Baghdad is an ancient city, with its municipal services laid in between the 1950s and 1970s that must be serviced and repaird to continue working.

"Essential services absolutely cannot go forward unless the municipal workers can go across the city and do their jobs," said Collier. "A trash collector or utility repair guy isn't going to go into a hostile war zone, because he's not trained as a Soldier. Unless there is security in an area, the trash doesn't get picked up; the sewer lines don't get fixed; the water lines don't get fixed; the electrical lines don't get repaired -- then the neighborhood falls apart."

In July, electricity, previously available one to two hours a day, increased to six to eight hours a day. The Dora Thermal Power Plant brought all its boilers on line, and al-Qaeda is no longer targeting the high-tension electrical cables coming into the city. Repairs are proceeding on all the substations and transformers, and a lot of that is thanks to increased security, Collier said.

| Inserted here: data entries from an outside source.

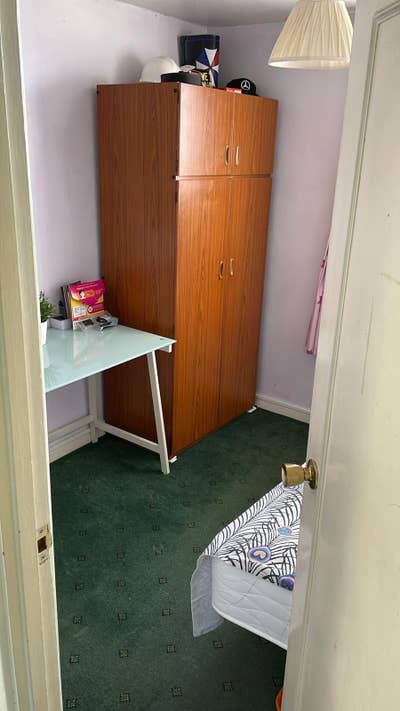A Room in 4 -bedroom 1 bathroom,house in Basildon  Main Photo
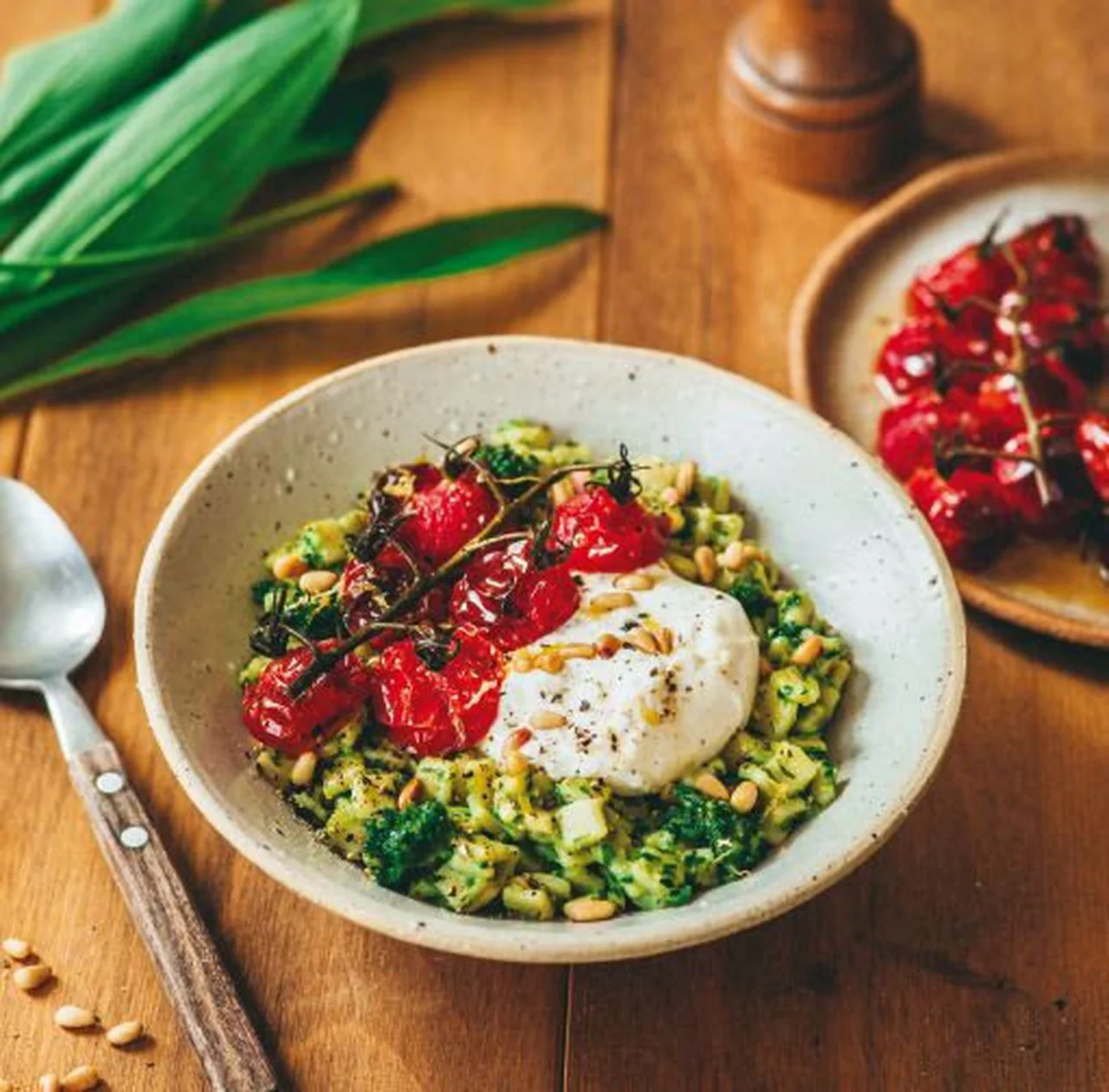 Crozibowl au pesto d'ail des ours et burrata
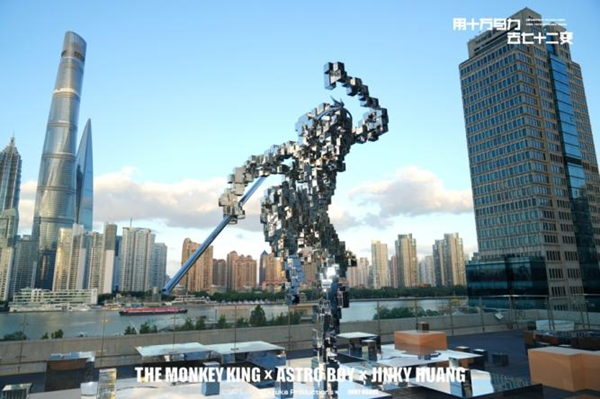 孫悟空とアトム、外灘で出会った！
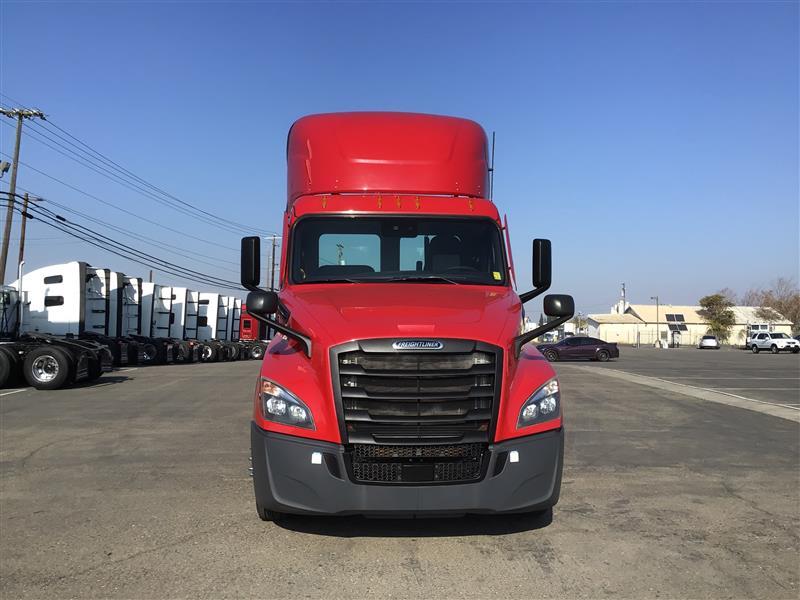 2021 Freightliner Cascadia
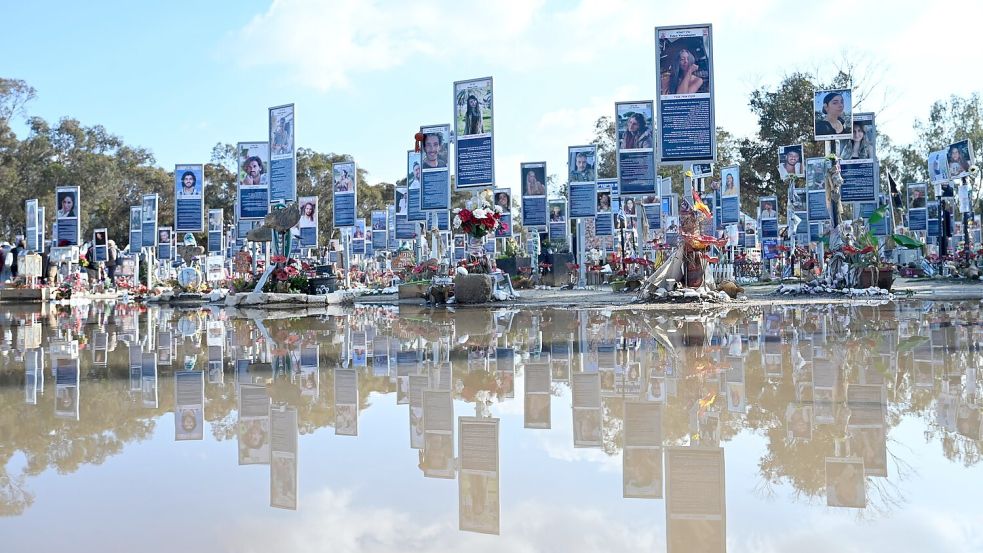 Gedenktafeln stehen auf dem Gelände der Nova Festival Memorial Gedenkstätte. (Archivbild) Foto: Elisa Schu/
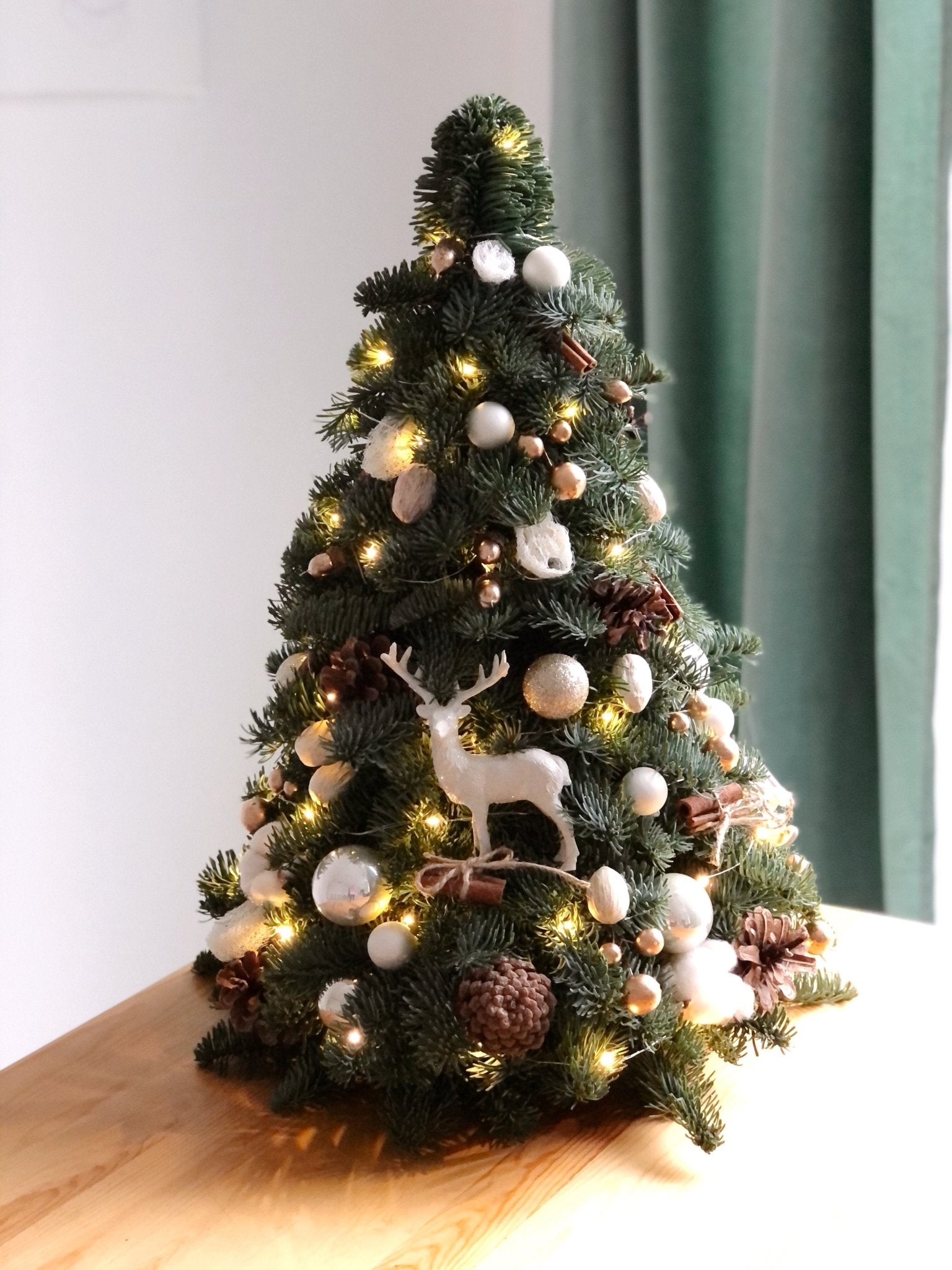 Choinka żywa Natural - kwiaty Flower Store Warszawa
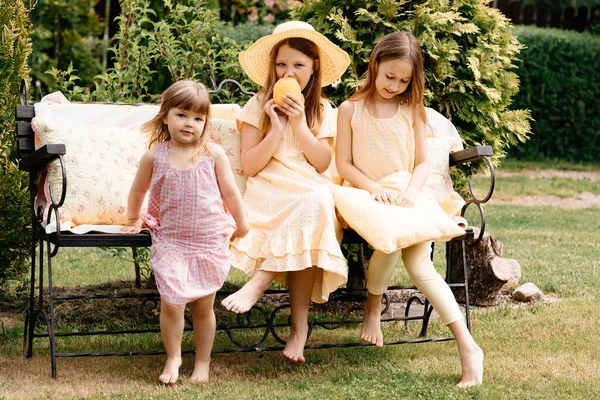 Bambini Felici Camminano All Aria Aperta Cavalcando Altalena Godendo Della — Foto Stock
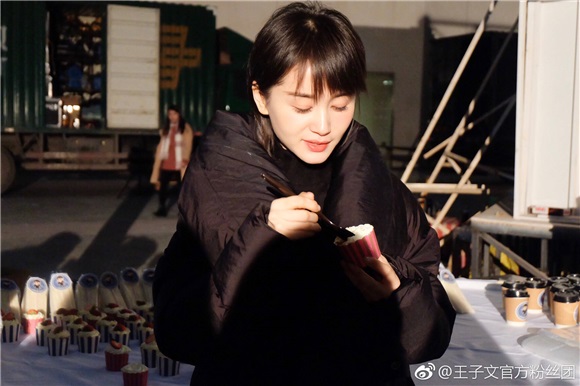王子文粉丝探班《动物管理局》 暖心偶像寒风中送粉丝奶茶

With the "Dagger Brigade's" deployment on its final leg, it will be up to the Soldiers of the 2nd BCT, 101st Airborne to continue the success of the USAREUR troops who preceded them.

"So now we've hit a turning point. Now (2nd BCT, 101st Airborne) is taking over where it's pretty critical," said Maj. Henry Delacruz, "Dagger Brigade" civil affairs officer. "The (government of Iraq) has got to take advantage of the improved security and help provide essential services (and) help create employment through various means, whether through essential services or through economic needs.

"This is the hard part. As Soldiers, we know how to fight. We know how to find the bad guys. The hard part is this nation-building piece. It's helping facilitate governance in an area. It's tough trying to revitalize the northwest Baghdad economy, and it's tough trying to revitalize essential services, especially something that has been broken for the last three, four or five years."

"If we could get 20 hours of electrical services across the city, that would be immense. You would see a greater boom of prosperity, and people able to educate themselves," Collier said. "The industry can get back on their feet much easier."

The first steps, getting essential services and physical structures up and markets and stores running again, seems to be taking shape, Collier said. Improving security sparked a dramatic turn-around; eight of 10 markets here are open, and 90 percent of the shops in them are operational.

"The next piece is building some of the economic structures that nations and economies have," said Collier. "People need money to start a business."

Iraqis need to financial institutions in which to deposit money, get loans, write business plans and manage their money based on Islamic traditions, he added. The third step is the continual expansion of markets and building associations and increasing the amount of business that goes through the neighborhoods.

As all these trends move forward, the Iraqi government needs to play a larger role in securing Iraq's future. There is a huge gap between the government and the people of Iraq, said Collier.

"We want to bring the government to the people," he continued. "We want to broker a relationship between the government and the people."